Russian filmmaker Kira Kovalenko makes her debut with this intense, Un Certain Regard-winning family drama

Unclenching The Fists

Source: Wild Bunch International

‘Unclenching The Fists’

Dir: Kira Kovalenko. Russia. 2021. 97mins

A young woman fears that she has one last chance to escape the virtual prison created by her father in a soul-destroying mining town in the Caucasus – but, after years of smothering constraint, the biggest obstacle to her dream may actually be herself. While this is a promising premise, Kira Kovalenko’s second film (after 2016’s Sofichka) can come across much like its characters: earnest, intense and often suffocating. Winning of the top prize in the newly-revitalised Un Certain Regard section 2021 - under Jury president Andrea Arnold - will guarantee further festival play, while he rubber stamp of Alexander Rodnyansky and Sergey Melkumov, who produced Andrey Zvyagintsev’s last three features and Kantemir Balagov’s Beanpole (which won Un Certain Regard’s Best Director award in 2019), will also help secure this challenging feature’s future.

Kovalenko and her DoP Pavel Fomintsev reflect this bitter, claustrophobic environment through a camera that clings to the characters much as they cling to each other

The setting is Mazur, in North Ossetia, a town nestled against stark cliffs. There isn’t much to see; the overwhelming sense is of concrete hugging grey rock, a desolate drabness. The apartment where Ada (Milana Aguzarova) lives with her father Zaur (Alik Karaev) and doting younger brother Dakko (Khetag Bibilov) is a slab that could be a retro-futuristic prison block. 

And it might as well be a jail, not least since Zaur has the only key, and only lets his grown children out of the house to work.

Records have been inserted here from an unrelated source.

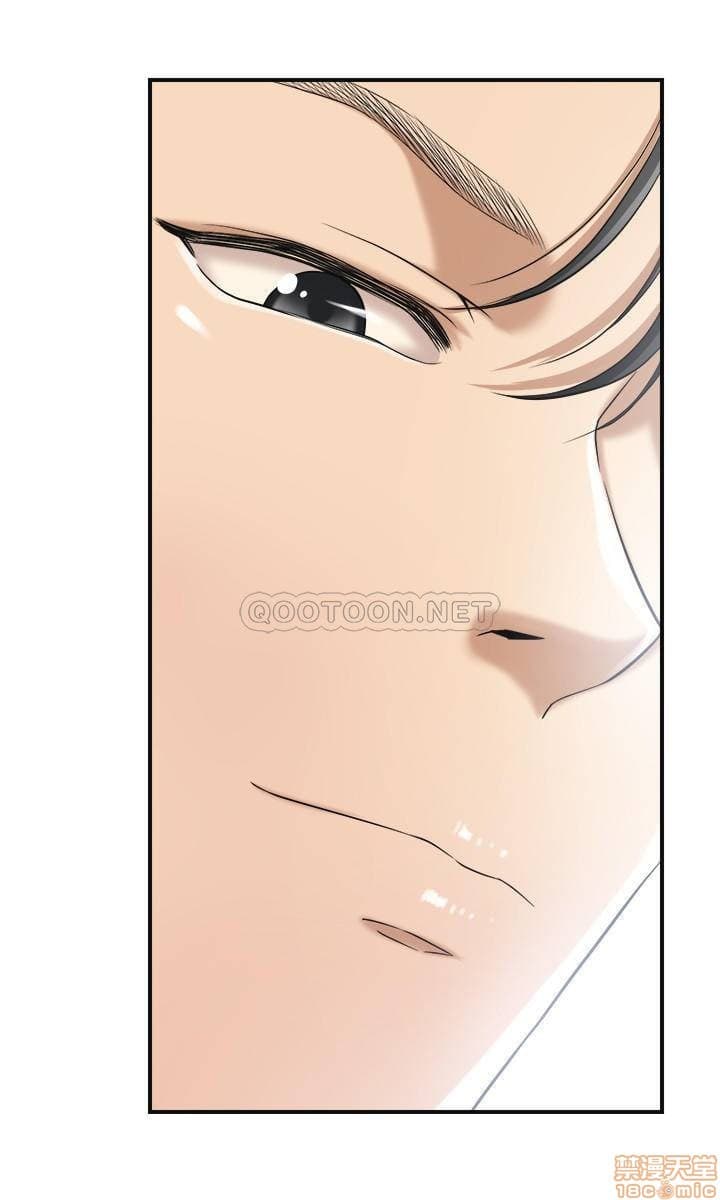 post?.name || ""
                }-51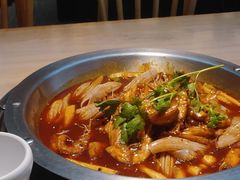 -邵汇大虾火锅(鲁迅路店)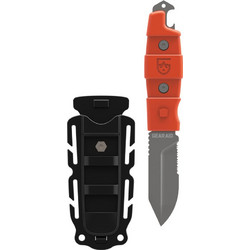Μαχαίρι Κατάδυσης Gear Aid Buri 21288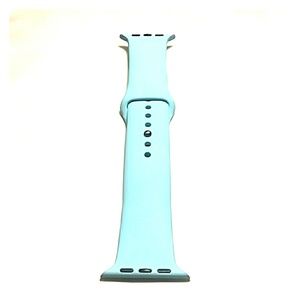 Apple Sports Watch Band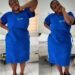 Uche Ogbodo Calls For Prayers As She Undergoes Lipo 360 Surgery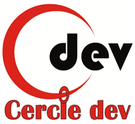CERCLE-DEV-Logo.png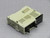 MITSUBISHI  FX2NC-32EX  INPUT MODULE  For Sale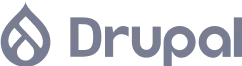 Drupal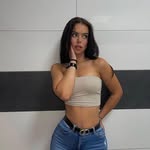 Mildred Wheeler - @mildredwheeler9474 - Instagram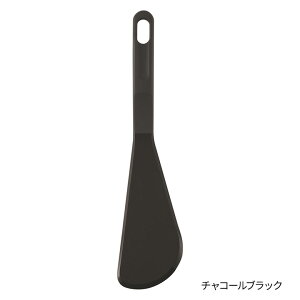 L jAg[ I[iC w Xp` u߂ w Xv[ H@Ή { KAI Lb`c[ l炵  Vv 킢 jAX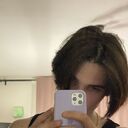 -,   , 23 ,   ,   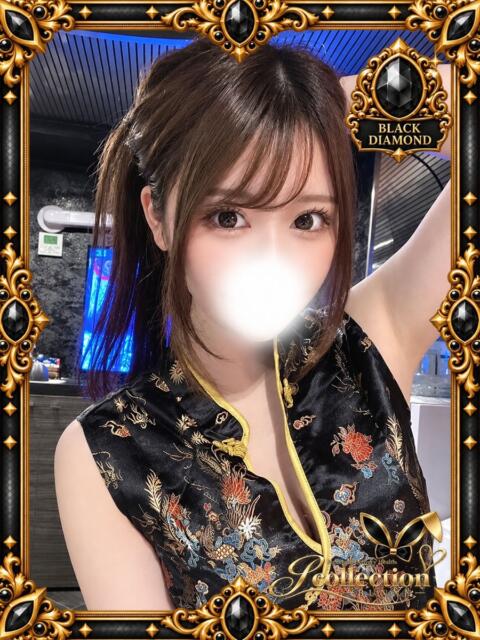 しずく 山梨　デリヘル No.1 『Sコレクション』 甲府（デリヘル）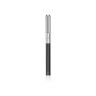 Eleaf iKiss  180 mah
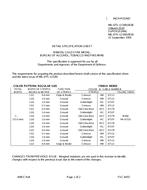 MIL MIL-DTL-11589/383B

The man is a snake, interrogating Ada’s every move, smiling as he orders her to pour her perfume down the sink, hiding her passport. Most heinously, he is preventing her from having an operation that will enable her to fully recover from a terrible childhood injury and, perhaps, move on with her life. 

The implication is that Ada’s mother has died, some time before. Her only hope is her older brother, Akim (Soslan Khugaev), who has managed to escape dad’s clutches to work in Rostov. And now he has returned, to liberate his sister. Is it too late? Ada tells Akim that, “I’m out of time. I might stay like this.” She’s referring to her physical condition, but the real problem may be that she’s been held back for so long that she’s become mentally ill. She certainly makes her brother’s task extremely difficult.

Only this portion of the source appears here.